I bet you are thinking, ah it's been done...but I want to create something for my country only and base it on META tags. I've seen sites like Hoppa and searchpole and want to create something like that. Could anyone suggest any software/advice on what I need to do? Thanks guys
There are good scripts you can use out there, but you say search engine, do you mean a full blown search engine with its own spider that runs around adding sites, or are you talking about a site with spidered sites included, but manually apporved, that has a search engine algorithm? I would recommend the fluid dynamics search engine, it is a good thing, written in perl, so is mlimited in the volume of pages it will run with before getting slow. It has its own spider, and you can add weight to the algo on things like , newness of page, words in metas, copy repetition etc. http://www.xav.com/scripts/search/
thanks, it's pretty good. Yep I'm looking to manually approve and charge people if they want to submit it quickly.

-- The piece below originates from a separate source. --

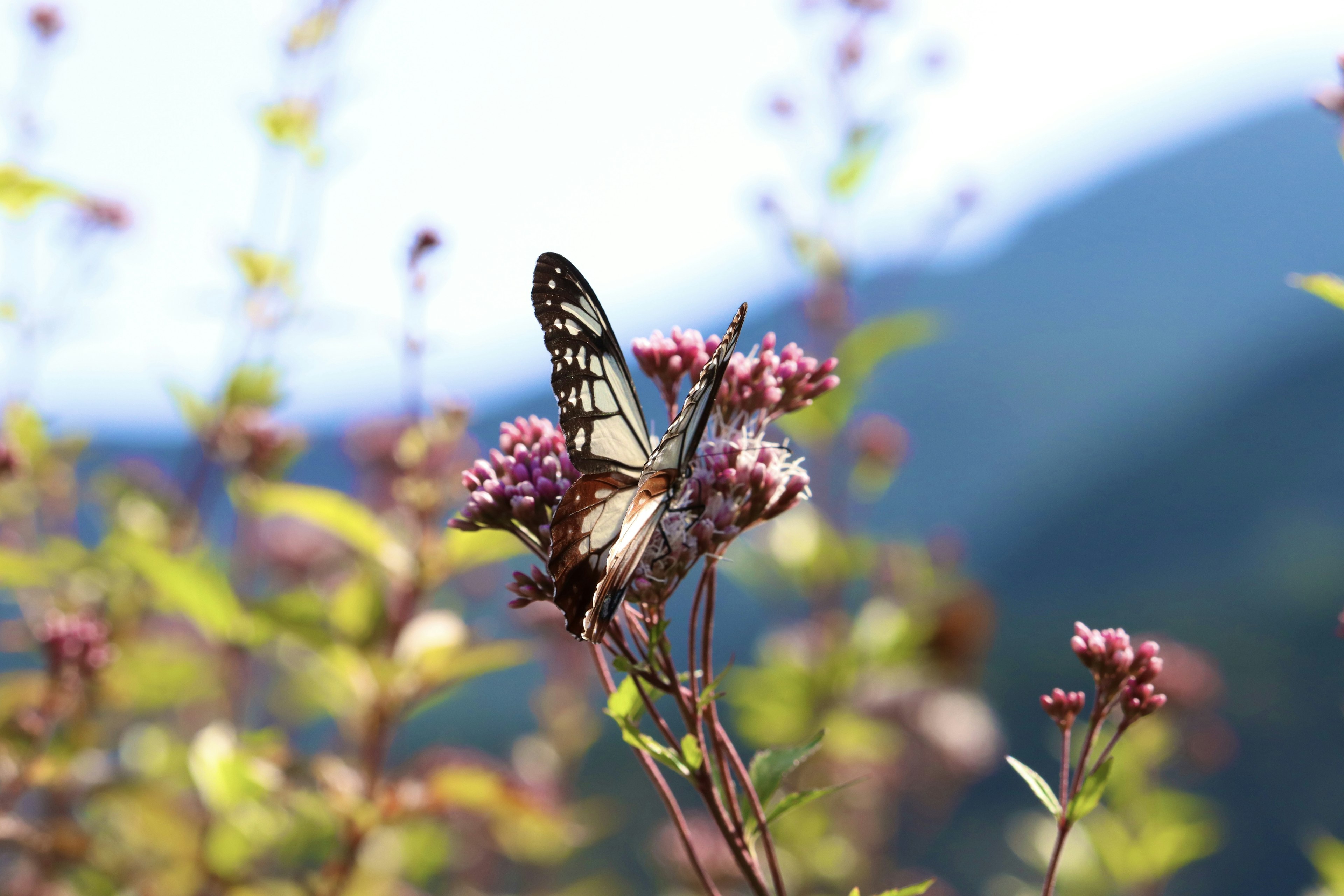 A butterfly perched on flowers with blurred mountains in the background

Curious ... which country are u building the search engine for .... i would suggest you to download the dmoz.org dir and use the category info to just filter out sites not related to ur country...
http://rdf.dmoz.org/ It's big...so hope you have a fast connection, I'd recommending downloading directly to your web server than to your desktop first (if you can do that)

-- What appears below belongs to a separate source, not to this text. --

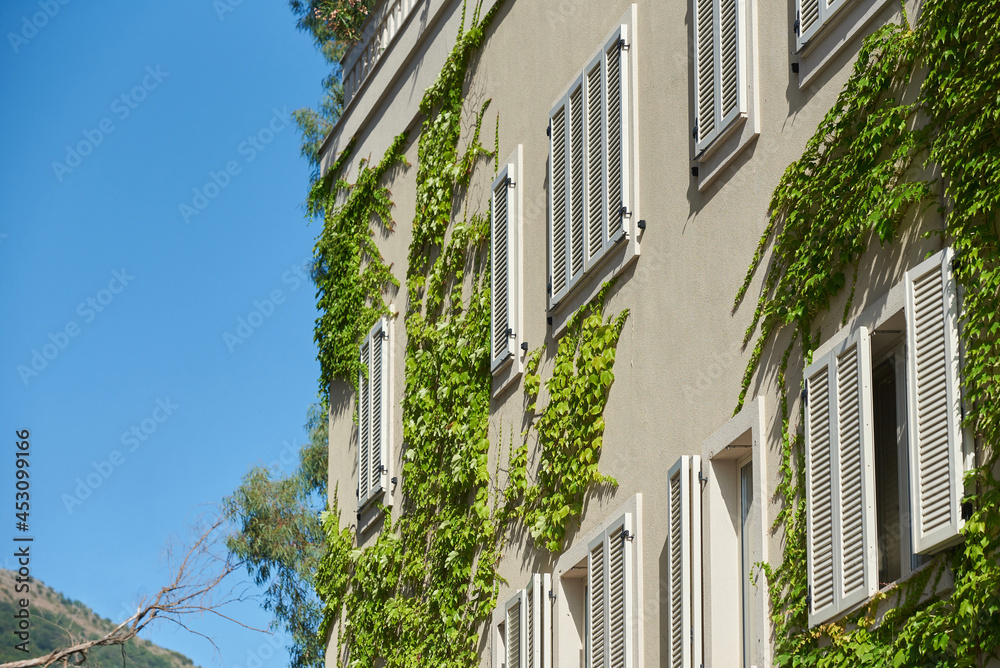 Climbing plant grows along the wall with the windows of a residential building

thanks for this, I'll give it a go! Any other tips on creating a Search Engine/Promoting it etc., I've developed the rough code for it - so at least it's a start.
sure, I'd try this: start with dmoz's data. crawl each site there. only keep the "main" domain pages- ie store www.google.com, but no internal pages. have your bot follow everything in the dmoz mirror you set up. after that, have it continue to crawl. maybe set up some sort of cap on how much space you want it to take before it'll give up. once you have that done, I'm sure you'd have enough to play around with. if you allocated 2 gigs, and each page was 50KB, you could get something like 40,000 sites' main page indexed.
Can you legally run a full blown spider on your server? What scripts are out there to do this? Thanks in advance.
If my memory still serve me right, i found a search engine script coded using asp.net/c++. It's great nevertheless. The programmer used 1 day to code it. He's an expert btw.
This is the best search engine software I've ever tried: www.webwizguide.com/asp/sample_scripts/site_search_script.asp users submit a site, you approve them manually and surfers can rate the sites as well. Only con: you need a Windows based server because it is coded in ASP using MS access database.
Thanks, just wonder what the quality will be after a day's work...I can actually answer my own question now, I made my own search engine...
I created and posted the ASP code to create a spider here: http://www.justin-cook.com/wp/2006/04/14/how-to-write-a-spiderbot-with-asp/
about 27,000 html pages that are 40kb is 1GB. It also took about 10 hours to download them all at about 200kb/sec. your need a lot of computers and bandwidth to create a good spider. Id say 10 computers would be sufficent enough.
There are many options like: mngosearch, Datapark, ASPSeek, Sphider, phpDig, SMEMETA, Curryguide script, Jomo PPC Search. I have used all of the above and have experience in it. If you are thinking anything commercial then let me know. I can help you out.
Hi everyone. it looks that there are some pretty switched on cookies here. im looking to develop a search engine based on post below users submit a site, you approve them manually and surfers can rate the sites as well. required to run on a Windows based server using MYSQL and have additional modules added based on fuctionalitys alexa has for example a user can request a reindex of there individulal website Would anyone be interested in building such a search engine. Final end development would everyones to use who was part of this development It also must be able to index selected domain extentions Any information on pre built search engines or anyone interested in helping me build this are more than welcome to contact me
I was interested till I saw this part of the post. Golly, I would be willing to setup a nice little linux box if there were enough people interested. But, the reality is... What will YASE (yet another search engine) really do? What is the business model? Or is this a "fun" project? If it is a fun project, then I am all for it.
If you are thinking about users to submit a site then it is not called search engine. It is called Directory and then in it the users surf and rate the things. If you want it to run on windows and want to go with ASP then I can suggest UUDir which is also developed by a DPer here. Or if you want to go with PHP then you can get esyndicat which is free one. It has that alexa and Page rank type of thing in it. But If you want registered members to rate and review then there will be some custom coding involved in it. As for approving and other features. that can be done easily. are you interested commercially? If yes then you can PM me I can develop this kind of things.
I think everyone at DP already has their own directory. I am not sure just because people submit web sites, that makes it a directory - help me to understand that distinction.